Andrew: Text mining deals with identifying patterns in language, and that’s a new methodology for history. Rada Mihalcea (UNT associate professor) in Computer Science and Engineering is working with us to develop algorithms specifically designed to pull out meaningful language patterns in the data that’s in historical newspapers. And no one’s ever dealt with this scale of historical information before. So, for example, when you’re writing algorithms for this, we might take a set of historical newspapers from the Civil War era and say – “go find every instance of the word ‘Lincoln’ in these historical texts.” And when you’re done with that, you’d then ask the computer to find all other words that are within 5 words of Lincoln. And then measure (X), and give me those results.
Julie: So you can keep fine-honing the algorithm task itself. You add a variable. You subtract a variable.
Andrew: That’s the idea. It’s a process. You write one, and you may get terrible results. So you go back and fix it. And after doing this so many times, you’ll have lots of results, but hopefully you’ll also have a set of algorithms that will be very attuned to asking questions of these newspapers, which can then be adapted by other folks.
So we’re going to pull out these particular language patterns, but even then there’s going to be a lot of information in there. So we’re also using another technique, a visualization technique, which we call geo-visualization -- that basically means digital mapping — we’re going to be mapping the language patterns that come out of these newspapers. We’re going to be mapping ideas, conversations, and movements of concepts as they move across the landscape, as they go from one newspaper to another and get printed across Texas.

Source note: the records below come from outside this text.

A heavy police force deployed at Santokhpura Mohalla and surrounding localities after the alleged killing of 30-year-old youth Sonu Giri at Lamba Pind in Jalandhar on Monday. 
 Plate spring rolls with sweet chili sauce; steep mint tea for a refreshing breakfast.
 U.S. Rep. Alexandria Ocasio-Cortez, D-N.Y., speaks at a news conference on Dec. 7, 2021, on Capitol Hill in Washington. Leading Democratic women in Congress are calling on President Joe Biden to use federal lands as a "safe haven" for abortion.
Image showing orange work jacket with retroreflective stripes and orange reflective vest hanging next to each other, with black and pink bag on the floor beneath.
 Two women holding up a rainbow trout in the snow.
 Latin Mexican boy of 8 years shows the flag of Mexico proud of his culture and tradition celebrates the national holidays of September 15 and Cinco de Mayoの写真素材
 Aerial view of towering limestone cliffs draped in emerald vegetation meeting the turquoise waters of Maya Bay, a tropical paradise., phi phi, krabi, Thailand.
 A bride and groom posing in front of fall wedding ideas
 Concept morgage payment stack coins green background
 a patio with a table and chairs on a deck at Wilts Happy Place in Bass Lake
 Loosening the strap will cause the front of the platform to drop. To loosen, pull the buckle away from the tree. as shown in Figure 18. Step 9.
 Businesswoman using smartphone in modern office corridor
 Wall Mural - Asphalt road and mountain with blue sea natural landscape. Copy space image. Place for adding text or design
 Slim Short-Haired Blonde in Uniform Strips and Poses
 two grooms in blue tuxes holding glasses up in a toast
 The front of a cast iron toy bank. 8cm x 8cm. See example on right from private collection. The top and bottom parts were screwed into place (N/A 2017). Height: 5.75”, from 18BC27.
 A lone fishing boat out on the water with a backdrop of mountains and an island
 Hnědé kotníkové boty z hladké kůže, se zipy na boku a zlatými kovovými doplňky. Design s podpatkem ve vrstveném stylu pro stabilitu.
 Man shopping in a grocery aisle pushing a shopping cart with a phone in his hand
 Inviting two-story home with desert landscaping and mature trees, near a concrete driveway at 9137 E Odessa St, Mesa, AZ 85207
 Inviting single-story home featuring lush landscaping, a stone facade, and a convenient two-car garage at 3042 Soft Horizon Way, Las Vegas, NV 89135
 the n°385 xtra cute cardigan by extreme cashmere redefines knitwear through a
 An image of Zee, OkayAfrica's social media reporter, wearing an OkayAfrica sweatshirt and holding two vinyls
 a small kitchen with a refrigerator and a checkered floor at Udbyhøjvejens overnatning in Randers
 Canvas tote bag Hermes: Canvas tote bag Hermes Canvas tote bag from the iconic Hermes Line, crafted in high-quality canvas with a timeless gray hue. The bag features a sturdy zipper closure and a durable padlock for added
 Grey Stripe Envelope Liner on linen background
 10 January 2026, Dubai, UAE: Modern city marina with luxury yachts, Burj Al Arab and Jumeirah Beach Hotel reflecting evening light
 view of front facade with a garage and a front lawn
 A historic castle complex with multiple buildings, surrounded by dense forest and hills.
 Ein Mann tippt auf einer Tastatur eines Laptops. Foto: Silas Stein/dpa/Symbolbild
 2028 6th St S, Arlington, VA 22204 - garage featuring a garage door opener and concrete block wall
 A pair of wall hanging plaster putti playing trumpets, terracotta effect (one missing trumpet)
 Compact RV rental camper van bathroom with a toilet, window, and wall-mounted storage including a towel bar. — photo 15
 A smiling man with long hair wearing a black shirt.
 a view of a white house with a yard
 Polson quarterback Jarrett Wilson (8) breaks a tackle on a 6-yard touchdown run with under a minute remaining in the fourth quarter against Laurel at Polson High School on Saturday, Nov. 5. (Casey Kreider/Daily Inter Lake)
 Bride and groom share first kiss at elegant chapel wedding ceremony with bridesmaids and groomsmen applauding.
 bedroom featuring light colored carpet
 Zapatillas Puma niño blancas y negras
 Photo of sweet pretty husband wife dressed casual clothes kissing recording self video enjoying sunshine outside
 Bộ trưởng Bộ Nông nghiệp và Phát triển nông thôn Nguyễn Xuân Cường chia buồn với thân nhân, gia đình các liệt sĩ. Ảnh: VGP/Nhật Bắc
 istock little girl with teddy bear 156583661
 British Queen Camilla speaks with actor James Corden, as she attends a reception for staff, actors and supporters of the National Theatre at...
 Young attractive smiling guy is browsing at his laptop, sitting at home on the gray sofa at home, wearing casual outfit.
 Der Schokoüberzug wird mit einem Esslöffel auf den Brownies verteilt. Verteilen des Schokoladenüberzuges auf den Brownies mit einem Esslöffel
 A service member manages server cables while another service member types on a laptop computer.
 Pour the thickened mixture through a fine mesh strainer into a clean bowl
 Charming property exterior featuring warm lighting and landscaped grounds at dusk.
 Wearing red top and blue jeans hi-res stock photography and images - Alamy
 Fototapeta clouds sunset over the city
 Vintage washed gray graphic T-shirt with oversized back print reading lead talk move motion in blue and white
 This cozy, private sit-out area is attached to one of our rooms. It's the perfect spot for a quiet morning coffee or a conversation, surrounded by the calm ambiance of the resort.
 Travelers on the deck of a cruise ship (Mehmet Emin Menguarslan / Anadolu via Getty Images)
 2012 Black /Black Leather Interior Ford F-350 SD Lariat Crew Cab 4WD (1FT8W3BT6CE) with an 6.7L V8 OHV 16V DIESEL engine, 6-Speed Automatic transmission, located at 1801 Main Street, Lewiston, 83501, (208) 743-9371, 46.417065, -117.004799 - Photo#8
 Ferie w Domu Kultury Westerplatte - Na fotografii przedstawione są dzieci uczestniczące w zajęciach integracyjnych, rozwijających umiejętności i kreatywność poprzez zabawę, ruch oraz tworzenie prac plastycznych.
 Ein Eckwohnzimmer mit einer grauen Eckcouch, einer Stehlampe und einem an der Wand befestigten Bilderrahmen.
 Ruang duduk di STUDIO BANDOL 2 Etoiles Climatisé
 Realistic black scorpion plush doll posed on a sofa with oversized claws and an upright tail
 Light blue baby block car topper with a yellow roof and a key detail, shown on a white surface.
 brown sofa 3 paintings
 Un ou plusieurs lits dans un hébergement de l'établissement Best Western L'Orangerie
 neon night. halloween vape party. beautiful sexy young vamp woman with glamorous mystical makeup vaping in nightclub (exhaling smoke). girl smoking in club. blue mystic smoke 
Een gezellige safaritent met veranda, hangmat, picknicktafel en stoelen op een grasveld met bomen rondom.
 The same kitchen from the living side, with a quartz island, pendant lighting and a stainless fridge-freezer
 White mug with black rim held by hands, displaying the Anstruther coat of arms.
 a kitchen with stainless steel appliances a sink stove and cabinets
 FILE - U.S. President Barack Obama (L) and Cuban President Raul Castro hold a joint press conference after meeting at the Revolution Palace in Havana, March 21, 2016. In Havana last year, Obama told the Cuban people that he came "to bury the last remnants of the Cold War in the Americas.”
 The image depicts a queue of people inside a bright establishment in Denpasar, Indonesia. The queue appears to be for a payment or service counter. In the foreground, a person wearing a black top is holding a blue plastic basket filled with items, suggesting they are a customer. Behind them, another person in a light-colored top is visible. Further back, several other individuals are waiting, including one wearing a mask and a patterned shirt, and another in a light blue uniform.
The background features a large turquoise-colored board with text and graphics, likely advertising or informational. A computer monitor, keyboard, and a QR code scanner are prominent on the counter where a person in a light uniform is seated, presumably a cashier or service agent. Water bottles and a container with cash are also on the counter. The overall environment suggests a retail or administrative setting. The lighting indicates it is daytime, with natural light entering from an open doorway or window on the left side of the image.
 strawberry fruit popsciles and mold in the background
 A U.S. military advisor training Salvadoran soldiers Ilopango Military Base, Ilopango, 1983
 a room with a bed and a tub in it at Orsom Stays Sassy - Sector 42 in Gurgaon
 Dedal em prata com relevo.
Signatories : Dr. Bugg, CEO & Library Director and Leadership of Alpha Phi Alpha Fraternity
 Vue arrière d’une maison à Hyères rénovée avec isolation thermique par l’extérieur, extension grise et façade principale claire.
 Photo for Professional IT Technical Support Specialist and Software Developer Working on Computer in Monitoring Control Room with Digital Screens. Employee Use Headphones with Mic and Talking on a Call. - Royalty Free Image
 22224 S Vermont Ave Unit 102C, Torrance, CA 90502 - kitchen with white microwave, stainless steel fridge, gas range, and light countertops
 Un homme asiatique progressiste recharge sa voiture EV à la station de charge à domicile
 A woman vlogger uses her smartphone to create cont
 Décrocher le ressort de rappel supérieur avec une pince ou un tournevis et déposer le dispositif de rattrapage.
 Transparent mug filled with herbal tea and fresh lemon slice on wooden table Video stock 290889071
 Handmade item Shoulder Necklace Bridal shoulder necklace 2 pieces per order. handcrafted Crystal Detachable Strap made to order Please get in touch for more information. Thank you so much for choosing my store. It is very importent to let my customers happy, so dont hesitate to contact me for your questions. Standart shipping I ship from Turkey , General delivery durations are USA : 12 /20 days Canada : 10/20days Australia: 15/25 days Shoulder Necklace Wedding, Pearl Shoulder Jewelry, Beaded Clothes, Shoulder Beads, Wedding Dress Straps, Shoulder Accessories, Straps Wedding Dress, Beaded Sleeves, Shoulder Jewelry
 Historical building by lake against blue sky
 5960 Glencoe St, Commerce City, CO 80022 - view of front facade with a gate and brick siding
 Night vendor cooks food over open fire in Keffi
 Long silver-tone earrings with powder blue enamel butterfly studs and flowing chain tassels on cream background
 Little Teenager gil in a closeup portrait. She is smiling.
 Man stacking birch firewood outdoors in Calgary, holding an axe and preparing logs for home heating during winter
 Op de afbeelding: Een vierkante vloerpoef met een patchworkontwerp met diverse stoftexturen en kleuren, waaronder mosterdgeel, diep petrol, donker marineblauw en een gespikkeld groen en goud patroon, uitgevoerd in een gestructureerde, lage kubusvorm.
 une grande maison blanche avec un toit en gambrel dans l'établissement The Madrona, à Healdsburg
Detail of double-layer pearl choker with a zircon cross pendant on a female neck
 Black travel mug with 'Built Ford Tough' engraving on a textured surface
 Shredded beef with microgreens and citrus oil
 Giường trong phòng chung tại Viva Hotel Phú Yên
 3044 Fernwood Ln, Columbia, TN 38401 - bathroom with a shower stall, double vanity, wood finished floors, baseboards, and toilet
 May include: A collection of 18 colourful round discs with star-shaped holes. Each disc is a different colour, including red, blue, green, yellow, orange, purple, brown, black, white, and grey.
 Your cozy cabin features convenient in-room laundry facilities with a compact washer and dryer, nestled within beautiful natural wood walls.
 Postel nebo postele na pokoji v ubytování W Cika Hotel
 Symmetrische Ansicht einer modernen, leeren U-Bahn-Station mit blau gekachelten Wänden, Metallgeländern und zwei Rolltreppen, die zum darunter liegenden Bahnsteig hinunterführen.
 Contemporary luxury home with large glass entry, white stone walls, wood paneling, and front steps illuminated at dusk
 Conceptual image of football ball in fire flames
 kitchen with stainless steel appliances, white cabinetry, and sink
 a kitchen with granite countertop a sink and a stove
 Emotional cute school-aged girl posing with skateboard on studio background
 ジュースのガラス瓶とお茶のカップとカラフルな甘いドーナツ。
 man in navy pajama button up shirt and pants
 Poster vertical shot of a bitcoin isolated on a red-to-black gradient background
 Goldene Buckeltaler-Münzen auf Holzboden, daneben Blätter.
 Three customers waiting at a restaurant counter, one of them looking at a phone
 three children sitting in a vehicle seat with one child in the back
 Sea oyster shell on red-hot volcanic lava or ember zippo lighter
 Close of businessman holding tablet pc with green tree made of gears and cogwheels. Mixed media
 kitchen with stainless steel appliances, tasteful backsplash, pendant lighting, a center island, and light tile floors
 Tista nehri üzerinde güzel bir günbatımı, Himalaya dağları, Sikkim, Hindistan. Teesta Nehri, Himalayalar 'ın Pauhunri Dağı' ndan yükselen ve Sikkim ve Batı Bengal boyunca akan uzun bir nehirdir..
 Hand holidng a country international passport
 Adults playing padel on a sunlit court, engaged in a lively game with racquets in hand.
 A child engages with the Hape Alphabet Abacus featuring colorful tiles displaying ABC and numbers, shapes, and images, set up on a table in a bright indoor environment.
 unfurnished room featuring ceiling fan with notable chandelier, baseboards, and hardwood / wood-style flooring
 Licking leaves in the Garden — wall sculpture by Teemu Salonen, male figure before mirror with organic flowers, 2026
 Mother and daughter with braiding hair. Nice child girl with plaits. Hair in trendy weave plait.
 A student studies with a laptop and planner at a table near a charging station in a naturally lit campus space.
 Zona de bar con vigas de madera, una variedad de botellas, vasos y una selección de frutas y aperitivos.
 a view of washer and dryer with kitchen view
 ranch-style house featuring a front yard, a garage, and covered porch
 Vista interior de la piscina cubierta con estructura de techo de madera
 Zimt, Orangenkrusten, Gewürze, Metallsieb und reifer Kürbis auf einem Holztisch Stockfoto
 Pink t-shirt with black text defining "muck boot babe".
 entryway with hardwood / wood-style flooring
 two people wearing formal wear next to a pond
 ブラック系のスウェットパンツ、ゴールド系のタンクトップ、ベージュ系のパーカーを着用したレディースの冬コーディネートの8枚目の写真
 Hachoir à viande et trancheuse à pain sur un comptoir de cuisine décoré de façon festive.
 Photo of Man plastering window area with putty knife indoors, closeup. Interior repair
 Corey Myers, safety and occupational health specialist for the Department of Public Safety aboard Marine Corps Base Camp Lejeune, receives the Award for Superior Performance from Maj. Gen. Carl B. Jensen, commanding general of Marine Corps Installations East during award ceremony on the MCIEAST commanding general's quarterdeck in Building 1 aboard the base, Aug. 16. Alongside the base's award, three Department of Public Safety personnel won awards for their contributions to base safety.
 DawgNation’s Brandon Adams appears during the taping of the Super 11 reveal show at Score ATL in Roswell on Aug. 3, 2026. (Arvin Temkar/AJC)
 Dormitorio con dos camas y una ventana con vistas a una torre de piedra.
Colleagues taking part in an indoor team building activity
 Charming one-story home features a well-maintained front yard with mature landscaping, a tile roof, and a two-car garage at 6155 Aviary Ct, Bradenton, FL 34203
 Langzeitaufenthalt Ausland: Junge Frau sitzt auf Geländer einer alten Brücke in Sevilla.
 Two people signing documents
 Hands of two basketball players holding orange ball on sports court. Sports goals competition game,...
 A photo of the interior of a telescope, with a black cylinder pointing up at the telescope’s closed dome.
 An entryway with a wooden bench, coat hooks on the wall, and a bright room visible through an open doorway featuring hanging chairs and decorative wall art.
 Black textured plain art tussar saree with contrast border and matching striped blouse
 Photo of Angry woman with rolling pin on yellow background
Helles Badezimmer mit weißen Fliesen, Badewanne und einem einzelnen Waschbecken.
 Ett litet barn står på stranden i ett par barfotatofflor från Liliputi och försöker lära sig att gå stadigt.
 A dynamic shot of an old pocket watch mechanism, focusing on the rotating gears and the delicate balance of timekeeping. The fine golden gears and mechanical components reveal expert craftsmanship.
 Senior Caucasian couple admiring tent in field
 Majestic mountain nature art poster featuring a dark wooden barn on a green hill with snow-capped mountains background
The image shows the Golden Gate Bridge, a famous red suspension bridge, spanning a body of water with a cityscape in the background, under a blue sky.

Visualization has been around a long time. Technique wise, that’s not a new approach. Part of what we’re doing that’s innovative is to merge those two techniques together in a way that hasn’t been done before. Because with text mining, we’re going to find patterns that are far larger and far more complex than I can sit down and make sense of from just looking at massive collections of words. So instead we’re going to use maps of the data to visualize those results. In that sense, these are two different techniques for making sense of large collections of data, and we’ll put them together to hopefully open up new possibilities for understanding historical sources. That’s the concept — to develop an x-ray machine, essentially, for historians to use and look more deeply into these sources to find what’s useful so we can do better research.
Julie: Are you working with specific models, or specific subjects that will help you refine your research? For example, you’re interested in the South — emancipation, slavery — will you use these subjects to develop the models for your research?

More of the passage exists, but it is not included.